--- DATASET CONTENT Enclosed Below ---

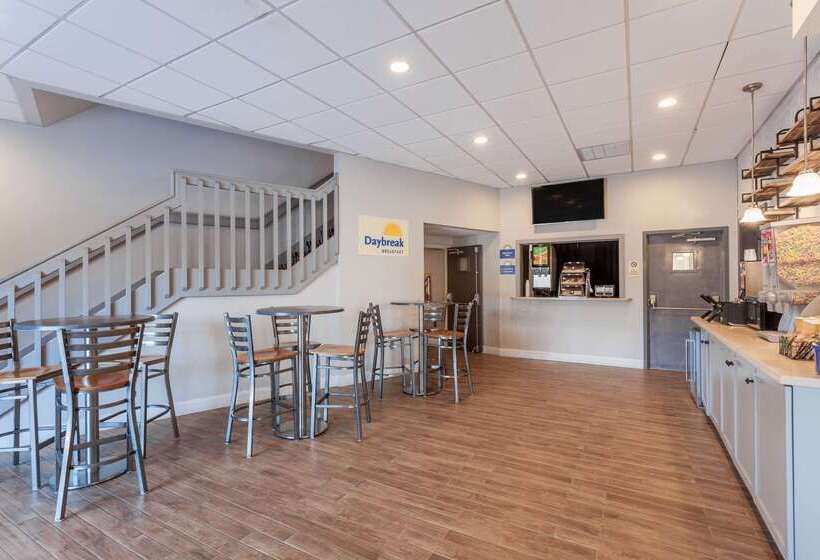 ホテル Days Inn & Suites By Wyndham Lancaster Amish Country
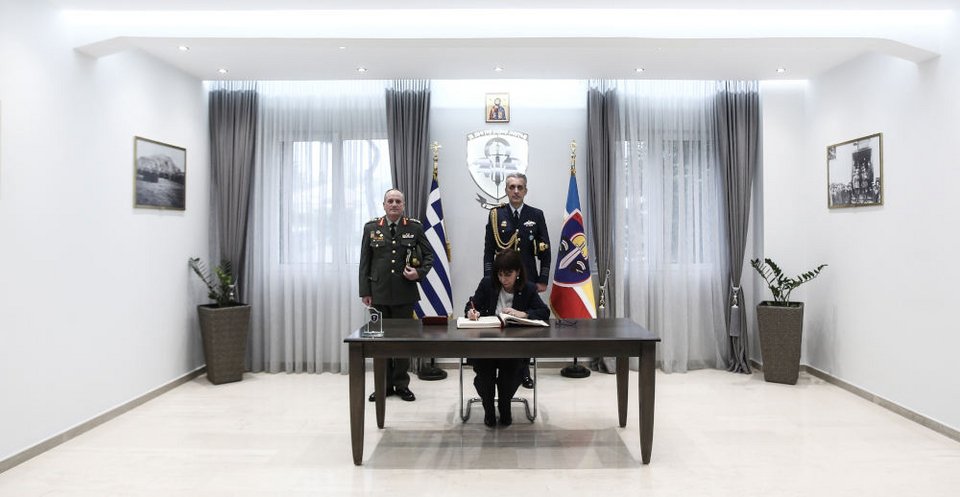 Η Πρόεδρος της Δημοκρατίας Κατερίνα Σακελλαροπούλου κατά την τριήμερη επίσκεψή της στη Θράκη επισκέφθηκε το Δ' Σώμα Στρατού στην Ξάνθη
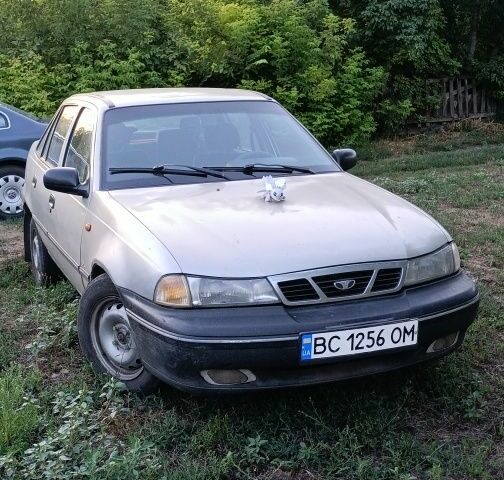 Серый Дэу Нексия, объемом двигателя 1.5 л и пробегом 335 тыс. км за 1194 $, фото 1 на Automoto.ua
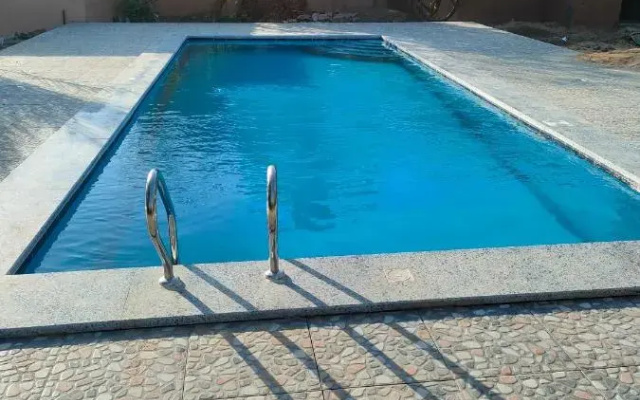 Eljuneina Villas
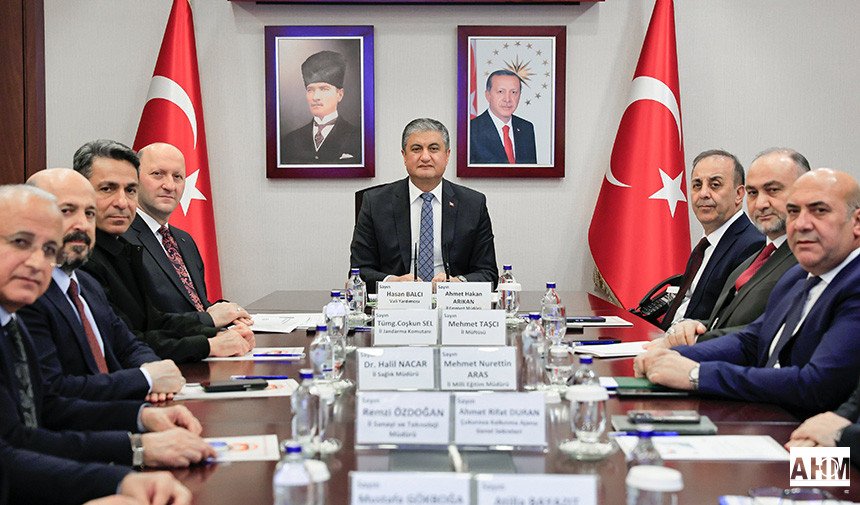 Adana İçin Yeni Vizyon: “Adana Kalkınma Programı” Masaya Yatırıldı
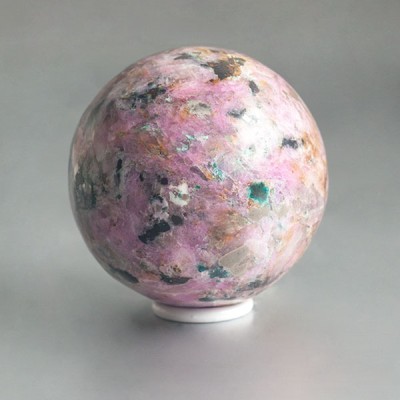 Cobalto Calciet met Malachiet bol (64 mm)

--- End of Enclosed DATASET CONTENT ---

TASK TO COMPLETE: Starting at the first entry above and ending at the last, write everything out exactly except the pictures.

EXERCISE SOLUTION:
 ホテル Days Inn & Suites By Wyndham Lancaster Amish Country
 Η Πρόεδρος της Δημοκρατίας Κατερίνα Σακελλαροπούλου κατά την τριήμερη επίσκεψή της στη Θράκη επισκέφθηκε το Δ' Σώμα Στρατού στην Ξάνθη
 Серый Дэу Нексия, объемом двигателя 1.5 л и пробегом 335 тыс. км за 1194 $, фото 1 на Automoto.ua
 Eljuneina Villas
 Adana İçin Yeni Vizyon: “Adana Kalkınma Programı” Masaya Yatırıldı
 Cobalto Calciet met Malachiet bol (64 mm)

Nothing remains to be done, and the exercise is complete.